Language models explicitly assume that word sequences are not independent and identically distributed (iid). A word-based model that assumed iid within each sequence could only predict probabilities of words according to some other context than surrounding words, which would not be very useful for a language model.
The training processes for statistical models often require iid input/output pairs when sampling e.g. minibatches. Neural networks definitely train better when datasets are shuffled to remove any chance of correlation between examples as they are used to update parameters.

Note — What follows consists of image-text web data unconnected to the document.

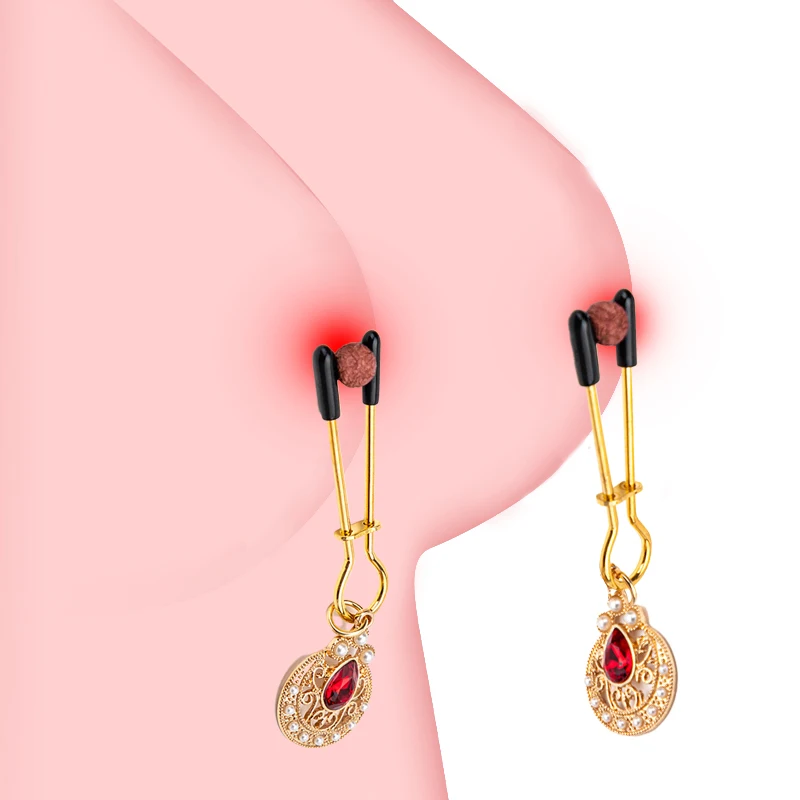 Metal Nipple Clamps with Chain Clips Flirting Teasing Sex Flirt Bondage Slave Bdsm Nipples Stimulation Fetish for Men Women Gay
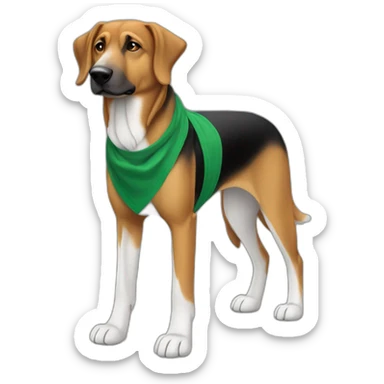 75% Coonhound 25% German Shepherd mix dog wearing small plain green bandana side view full body in profile left facing sticker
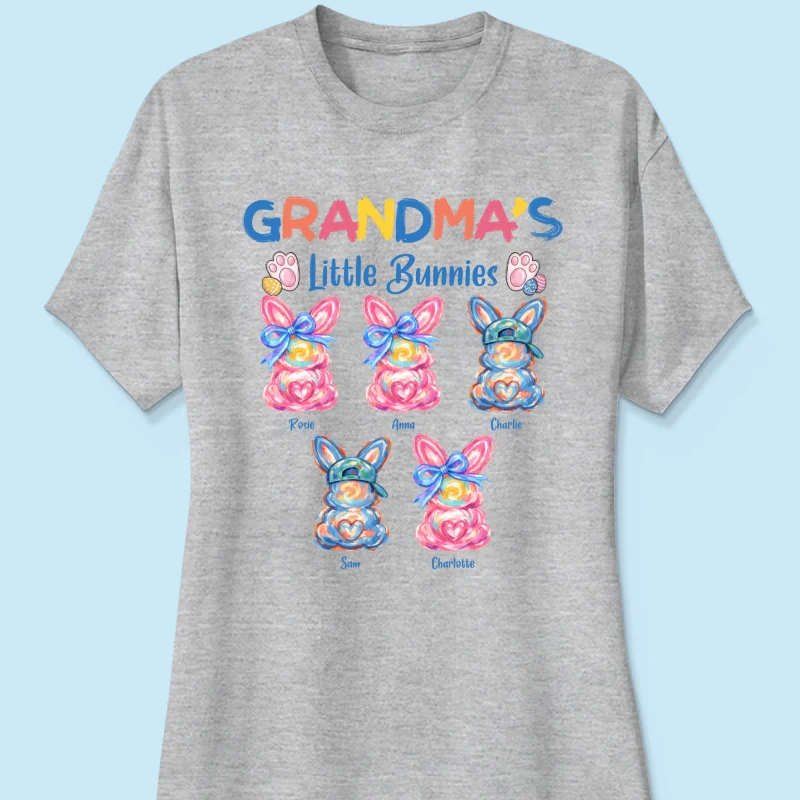 Grandma's Little Bunnies Colorful Brushstroke - Personalized Shirt - Easter Shirt for Grandma - Image 17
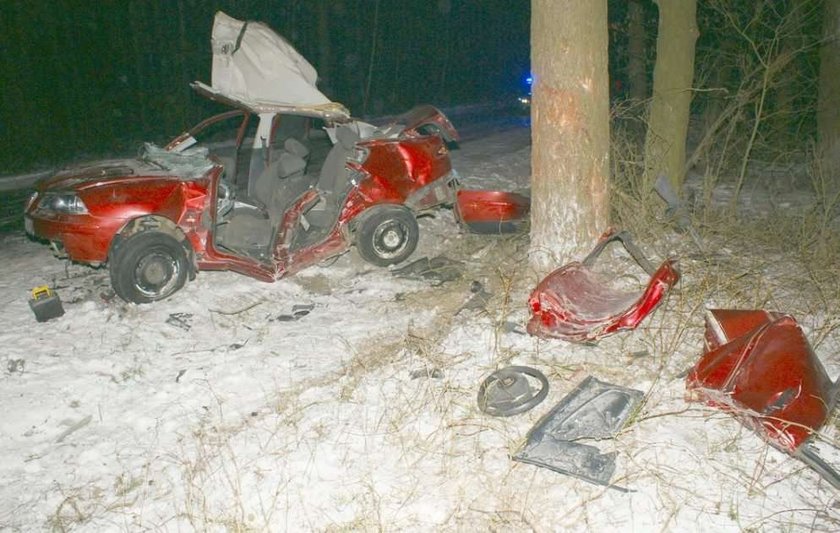 Samochód rozerwany na kawałki. Kierowca nie miał szans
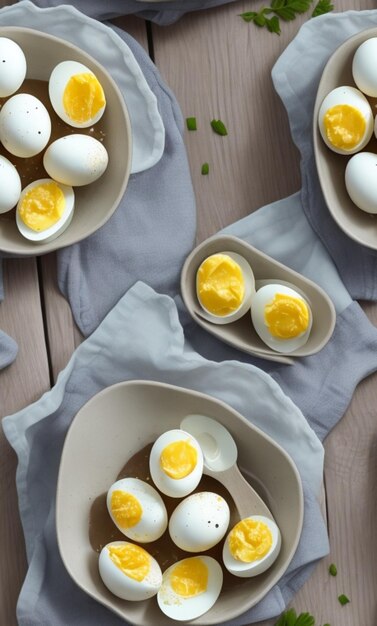 Photo softboiled eggs healthy food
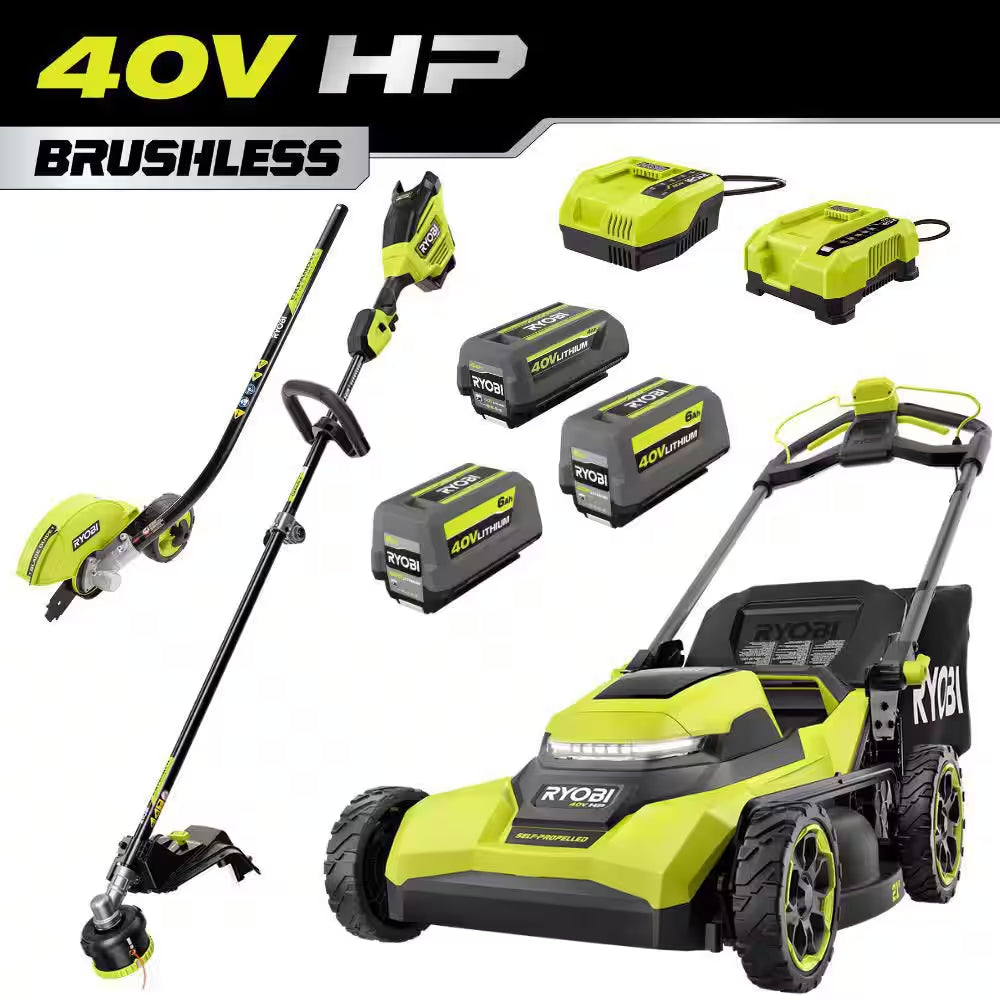 40V HP Brushless 21 In. Cordless Battery Walk behind Self-Propelled Mower, Blower & Trimmer-(3) Batteries & (2) Chargers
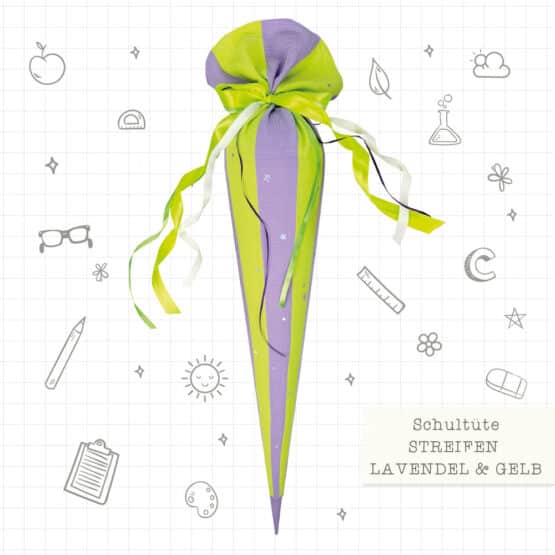 Schultuete Streifen Lavendel Gelb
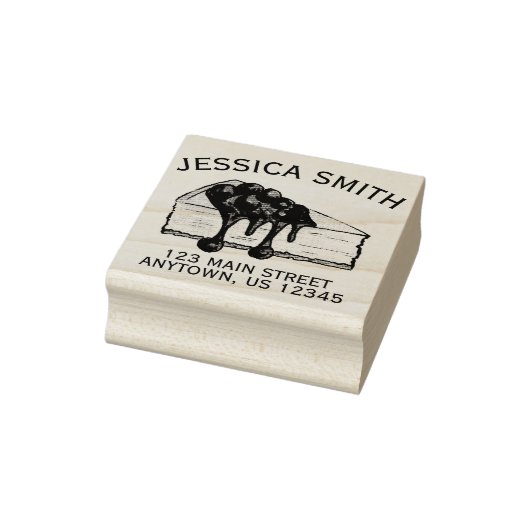 New York NYC Cherry Cheesecake Slice-adres Rubberstempel (Stempel)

How to resolve these two different needs? When training a sequence-based model on many sequences, it is the distribution of sequences that needs to be iid and representative of the overall population. The distribution of items within the sequence is what is being learned, so should not be obscured or removed.
As an analogy, you do not usually want to shuffle the rows of pixels in an image when training image classifiers. The spatial pattern in the image needs to be preserved in the same way that the sequential pattern in a sentence needs to be preserved, because the pattern is part of the data being modelled. With image data, you accept non-iid relationships between the pixels that are next to each other within a single image, then apply shuffling and stratifying algorithms at the level of individual images.
If so, are there any papers that try and deal with this?
There may be some original papers from 50 years ago which compare iid with non-iid data when training sequences fed into RNNs, but it has been a standard part of engineering practice for decades now to shuffle datasets, and the separate sequences used to train RNNs are no different.
From your comments:
However the sequences that are sampled for training are not iid if they are multiple sequences generated sequentially from the same document, which from what I understand happens often?
You are correct, the raw set of sequences is not iid if they are collected in that fashion. However, the dataset is always shuffled or resampled for training purposes, it is not fed into training routines in that raw state. The shuffling (of selected sequences which are kept intact internally) happens in-between the raw data collection and the training.
There are some simple statistical models that do not require iid data to train on. This occurs for example in tabular reinforcement learning, which can learn online from a single continuous sequence of states, actions and rewards. An equivalent language model would be word- or letter-based ngrams.